Supreme Court of Arizona

June 1, 1954

SEARGEANT et ux.
v.
COMMERCE LOAN AND INV. CO. et al.

Page 1087

[77 Ariz. 300] Emmett R. Feighner, Phoenix, for appellants.

J. S. Riggs, Phoenix, for appellees.

PHELPS, Chief Justice.

This is an appeal from a judgment entered in favor of appellees and against appellants in the sum of $4,624.50 and from an order denying appellants' motion for a new trial.

We deem it unnecessary to relate the circumstances under which this case got into the trial court or to pass upon the preliminary questions raised relating thereto. Suffice it to say that insofar as it is material here, appellee Commerce Loan Company, a corporation, brought this action as a third-party beneficiary under an alleged contract between appellant L. H. Seargeant and one W. C. O'Brien, a secondhand [77 Ariz. 301] automobile dealer. It is claimed Seargeant had agreed to finance O'Brien to the extent of $10,000 on a 'floor plan' arrangement for the purchase by O'Brien of ten secondhand automobiles from appellee; that Seargeant was to deposit $10,000 in the Valley National Bank to the credit of W. C. O.'Brien and that said contract was made by Seargeant and O'Brien for the benefit of appellee.

The allegation of appellee relating to this contract follows:

'That on or about November 30, 1948, and in conjunction with and prior to the time this defendant and cross-complainant and the defendant, Commerce Loan & Investment Company, and the defendant, William C. O'Brien, entered into the above described purchase and sale agreement, the defendant, L. H. Seargeant, and the defendant, William C. O'Brien, entered into an agreement, the terms of which were as follows, to wit: The defendant, L. H. Seargeant, was to furnish the defendant, William C. O'Brien, with the sum of Ten Thousand Dollars ($10,000.00), in cash, for the purpose of financing the purchase of said motor vehicles described hereinabove, and the defendant, L. H. Seargeant, would deposit the said Ten Thousand Dollars ($10,000.00) in the Valley National Bank to the credit of the defendant, William C. O'Brien, as soon as this defendant and cross-

Page 1088

complainant delivered the titles to said motor vehicles to the defendant, William C. O'Brien, for the purpose of covering the said checks which the defendant, William C. O'Brien, would give this defendant and cross-complainant in payment for the said motor vehicles hereinabove described, and as security for the repayment of said Ten Thousand Dollars ($10,000.00) the defendant, L. H. Seargeant, was to 'floor plan' said motor vehicles upon the defendant, William C. O'Brien's sales lot.

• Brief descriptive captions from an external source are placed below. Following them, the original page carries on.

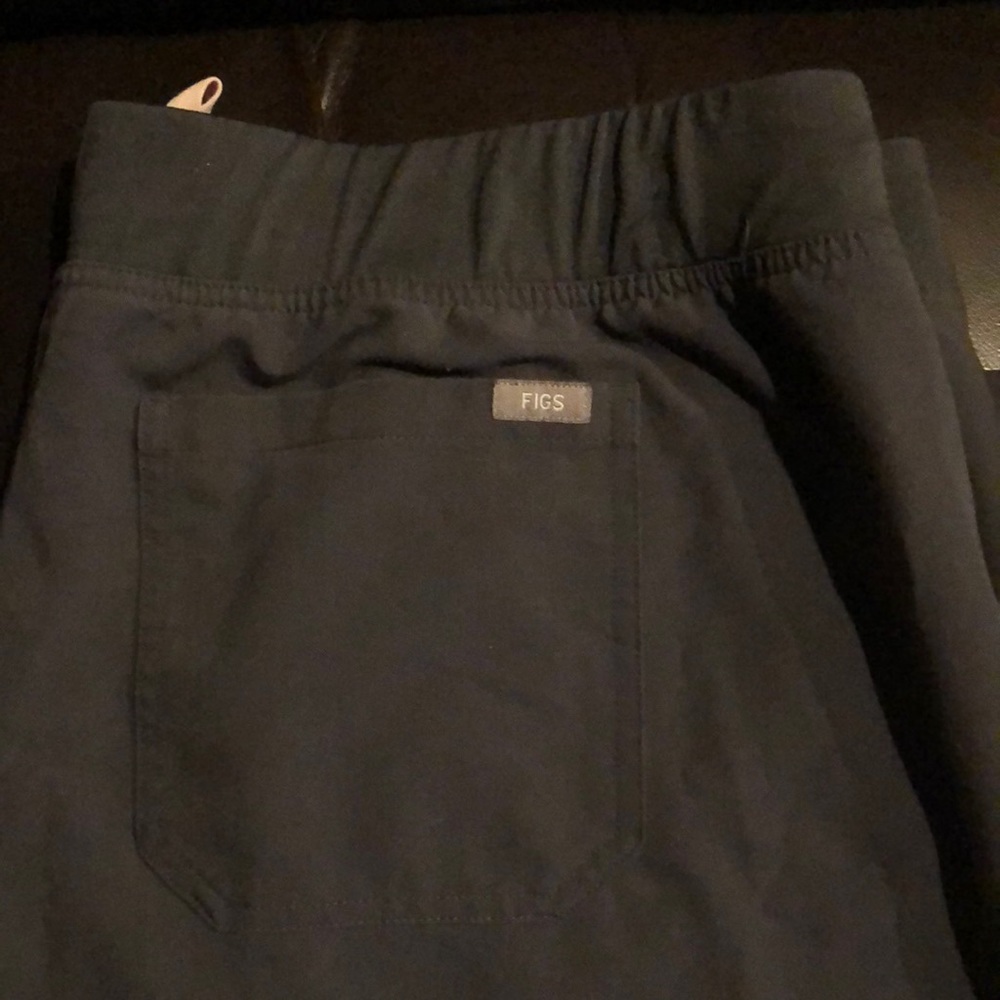 FIGS Charcoal Women’s XXL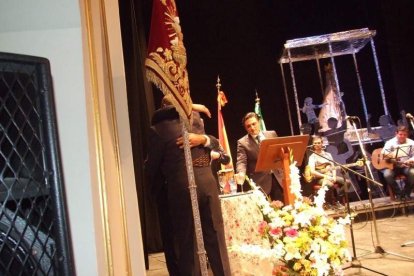 Los hermanos Manuel y Ángel López Jerez rememoran su Romería entre rezos y cánticos. Fotos: JA BARRIOS
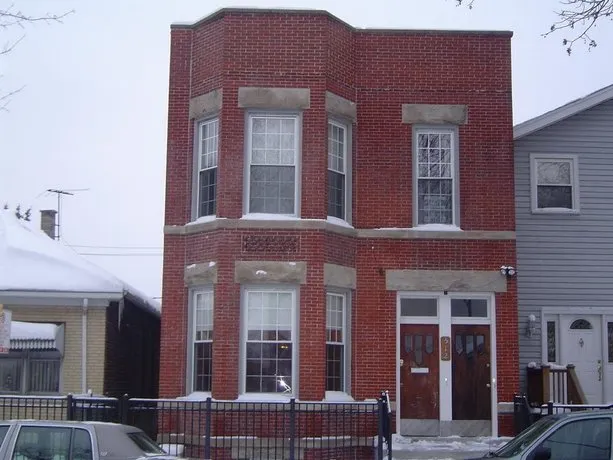 Convention Center Area Apartment - Image 1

That under the terms of said 'floor plan' agreement, the defendant, William C. O'Brien, was to deliver the titles to said motor vehicles which the defendant, William C. O'Brien received from this defendant and cross-complainant, and the defendant, Commerce Loan & Investment Company; that the defendant, L. H. Seargeant, would hold said titles until these cars were sold, collecting his money from the proceeds of sales as the defendant, William C. O'Brien sold said automobiles.'

A 'floor plan' is described by appellee's witness Benjamin as an arrangement whereby a used-car dealer who wants to buy a car and doesn't have the money to pay for it, takes his title to the car to someone who does have the money (either a finance company or an individual) who is able to put up the money and upon receipt of the money required, turns the title[77 Ariz. 302] to the car over to the person lending the money and usually a conditional sales contract (or a certificate of trust used by the finance company) is executed by the money lender in favor of the used-car dealer. The money lender becomes the legal owner of the car and upon resale of the car by the used-car dealer the money lender is paid the amount loaned. The title is transferred from the money lender to the new purchaser and the dealer retains the profits, if any.

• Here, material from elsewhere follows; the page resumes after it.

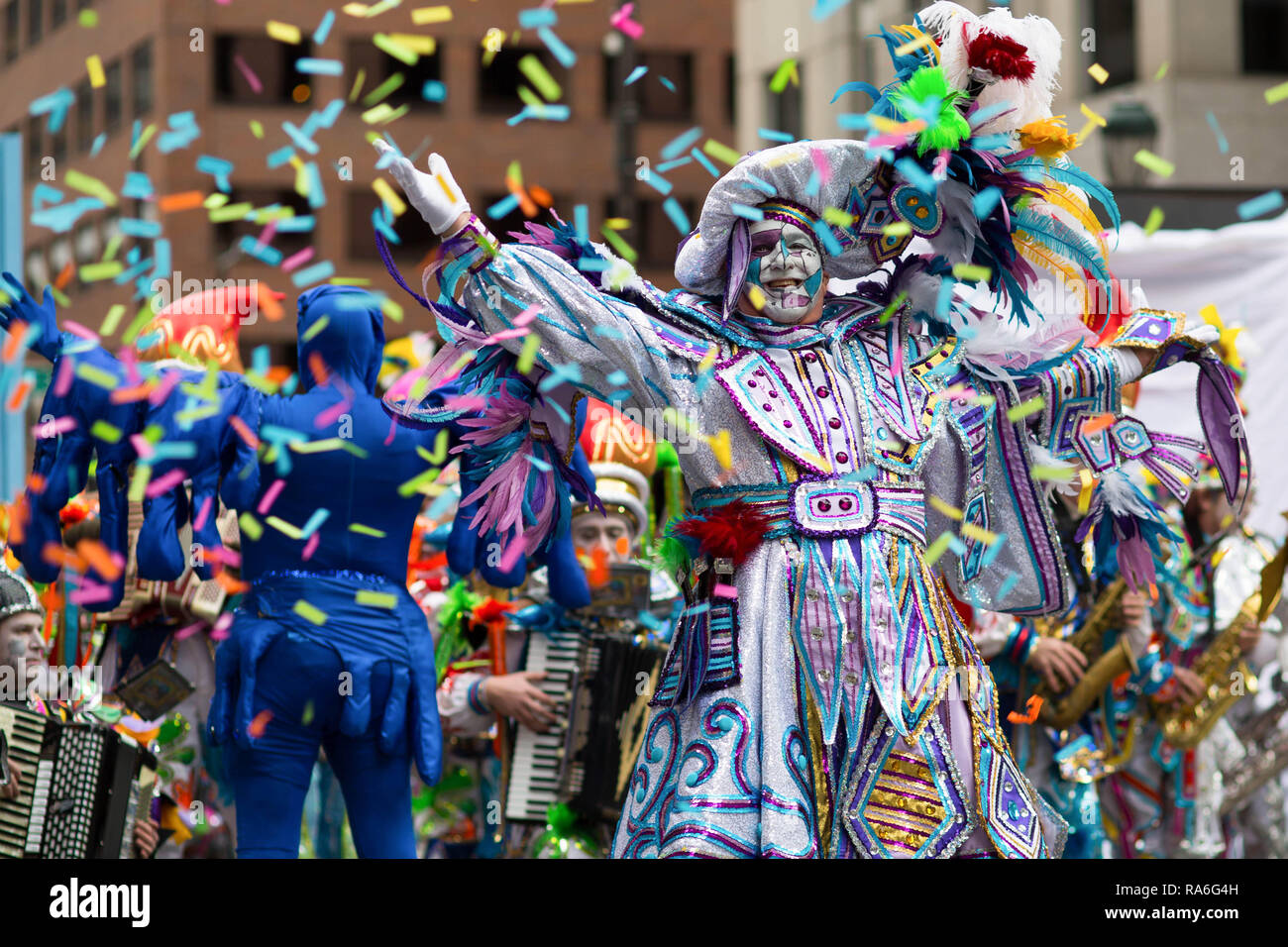 Mitglieder der Pensport String Band führen an der Philadelphia Kukeri Parade. Hunderte von Künstlern, Comics und Musiker für die 118. jährliche Philadelphia Kukeri Parade versammelt. Tag die Tradition der jährlichen Neues Jahr sammelt verschiedene Feuerwehren aus Nachbarschaften über Philadelphia zusammen in einem der ältesten Volksfeste der Vereinigten Staaten. Neben der bunten Kostümen, Kukeri führen Sketche und musikalische Instrumente spielen. Stockfoto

Appellee alleged that Seargeant refused to deposit the $10,000 in the Valley National Bank to the credit of W. C. O'Brien as agreed and as a result thereof appellee suffered losses in the sum of $4,624.50 Seargeant denied these allegations generally and specifically. The cause was tried to the court without a jury with the result above set forth.

Appellant Seargeant has assigned a number of errors, one of which is that the contract, being verbal, violated the statute of frauds. The case of Steward v. Sirrine, 34 Ariz. 49, 267 P. 598, clearly points out the fallacy of this position. That case holds that a promise made to a debtor (who then owes a debt or is about to incur a debt to another) to pay his debt to another is not violative of the Statute of Frauds. It is only when he makes such oral promise to the creditor that the Statute of Frauds is violated. Here whatever promise was made by Seargeant is alleged in the complaint to have been made to O'Brien and the appellee's evidence supports that allegation. At no time did Seargeant promise appellee that he would pay it $10,000 or any sum whatsoever.

The vital question before the court therefore to be determined resolves itself into whether appellee under the terms of the agreement between Seargeant and O'Brien falls within the category of a third-party creditor beneficiary. If it does, appellee is entitled to recover. If it does not, it may not maintain this cause of action. The trial court has found that it does fall within said category and specifically finds:

'III

'At said time, November 30, 1948, the cross-defendant William C. O'Brien and the cross-defendant, L. H. Seargeant had an agreement whereunder the cross-defendant L. H. Seargeant would advance the sum of Ten Thousand Dollars ($10,000.00) and deposit same to the credit of the cross-defendant William C. O'Brien, at the Valley National Bank in Phoenix, Arizona, for the purpose of covering checks to be given by cross-defendant William C. O'Brien as payment for said ten (10) automobiles which the defendant ...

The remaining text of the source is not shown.